Il fallu plus de 10 ans après ce premier conflit mondial pour que reprenne la production de modèles Delahaye destinés à l’usage privé. En effet, les premières années d’après guerre ont vu Delahaye tenter de retrouver sa place sur le marché de la construction automobile. Une période de fabrication de tracteurs et de machines agricoles a été le prélude à un changement vers le début des années 1930. Il est raconté que Charles Weiffenbach a demandé l’avis de son ami Ettore Bugatti sur le futur de sa marque, une conversation qui l’a amené à reprendre la conception de voitures de luxe et de compétition.

Retour des modèles Delahaye sportifs

Le premier modèle sorti, suite à la transformation totale de la philosophie de Weiffenbach, est la Delahaye Type 135. La Type 135 est simplement un châssis que la marque continuera à développer jusque dans les années 1950. En effet, il sera présent plus ou moins dans toutes les voitures sortant de l’usine située à Paris, et ce, jusqu’à la disparition de la marque.

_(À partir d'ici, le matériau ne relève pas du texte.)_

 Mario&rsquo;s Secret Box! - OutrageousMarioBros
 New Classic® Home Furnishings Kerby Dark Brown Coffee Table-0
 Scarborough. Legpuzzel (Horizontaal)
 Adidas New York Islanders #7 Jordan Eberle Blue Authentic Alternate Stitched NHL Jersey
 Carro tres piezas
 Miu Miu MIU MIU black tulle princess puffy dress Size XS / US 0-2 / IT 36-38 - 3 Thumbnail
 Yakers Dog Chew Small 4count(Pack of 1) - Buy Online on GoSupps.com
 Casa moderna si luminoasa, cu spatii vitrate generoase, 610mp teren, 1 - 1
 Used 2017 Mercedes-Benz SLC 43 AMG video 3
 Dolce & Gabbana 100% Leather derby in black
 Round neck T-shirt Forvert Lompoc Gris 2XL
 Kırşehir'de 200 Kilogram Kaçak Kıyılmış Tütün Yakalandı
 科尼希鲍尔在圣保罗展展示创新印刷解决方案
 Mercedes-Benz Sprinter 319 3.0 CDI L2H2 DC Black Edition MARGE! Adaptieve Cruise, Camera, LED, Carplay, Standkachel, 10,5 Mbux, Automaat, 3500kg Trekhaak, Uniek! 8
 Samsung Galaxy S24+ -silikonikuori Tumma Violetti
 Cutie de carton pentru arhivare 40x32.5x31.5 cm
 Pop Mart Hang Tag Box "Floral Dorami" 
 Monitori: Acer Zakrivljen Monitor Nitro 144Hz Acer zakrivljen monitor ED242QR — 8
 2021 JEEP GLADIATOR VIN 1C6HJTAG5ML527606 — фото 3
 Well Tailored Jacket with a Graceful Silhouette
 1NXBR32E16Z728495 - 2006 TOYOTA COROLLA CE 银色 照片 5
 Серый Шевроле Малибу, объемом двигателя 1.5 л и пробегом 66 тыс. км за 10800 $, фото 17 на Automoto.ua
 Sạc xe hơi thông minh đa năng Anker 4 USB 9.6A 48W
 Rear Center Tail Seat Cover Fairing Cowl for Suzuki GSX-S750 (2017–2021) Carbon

Dans sa première forme lors de sa mise en vente en 1933 elle était nommée “Superluxe”. C’était, en effet, une voiture de tourisme de luxe. Un moteur de six cylindres en ligne, développé à partir des moteurs de camions, était relié à une transmission manuelle similaire à celles vues sur les voitures de course de l’époque. 

Des versions de compétition de la Type 135 ont aussi été construites et ont couru dans les courses les plus célèbres de l’histoire. La marque Delahaye avait sa place sur les listes des participants aux 24 Heures du Mans, au rallye de Monte Carlo, aux 24 Heures de Spa et au Grand Prix de Pau tout au long des années 1930. C’est durant cette période que Delahaye s’est imposée comme une marque redoutable dans le sport automobile, remportant des victoires contre les équipes internationales notamment au rallye de Monte Carlo.

Jusqu’au déclenchement de la Seconde Guerre mondiale, Delahaye a continué à développer des modèles spécialement pour la compétition comme pour la Type 145, une des premières voitures à utiliser un V12.

La mort lente de Delahaye après guerre

Avec le déclenchement de la Seconde Guerre mondiale en 1939, le gouvernement français imposa la fermeture de toutes les usines de production privée. Cependant, Delahaye continua à produire des véhicules en petite quantité durant les premiers mois du conflit. 

Une fois la paix retrouvée, l’usine pu reprendre son rythme habituel. Avec une France en pleine dépression économique et une population française loin de pouvoir acheter des voitures de luxe, la méthode de travail de Delahaye changea de nouveau. Cette fois-ci, la marque se maintint sur le créneau des voitures de luxe, mais, sur les conseils du gouvernement, se concentra sur la vente à l’étranger et l’exportation. 

Malgré les nombreuses tentatives de sa direction, la marque ne vendit jamais plus de 1000 voitures par an. Dans un climat économique où les bénéfices de chaque vente étaient  réduits à cause des coûts d’exportation, ces chiffres n’étaient pas suffisants pour assurer la survie de l’entreprise. Quelques modèles comme la Type 235 ont été lancés au début des années 1950 afin de susciter  une nouvelle passion pour la marque parmi le public, mais, bien que les ventes se soient multipliées, la fin de la marque était devenu inévitable. Ainsi dès le début des années 1950, la marque commença rapidement à ralentir son activité avant de disparaître définitivement en 1956.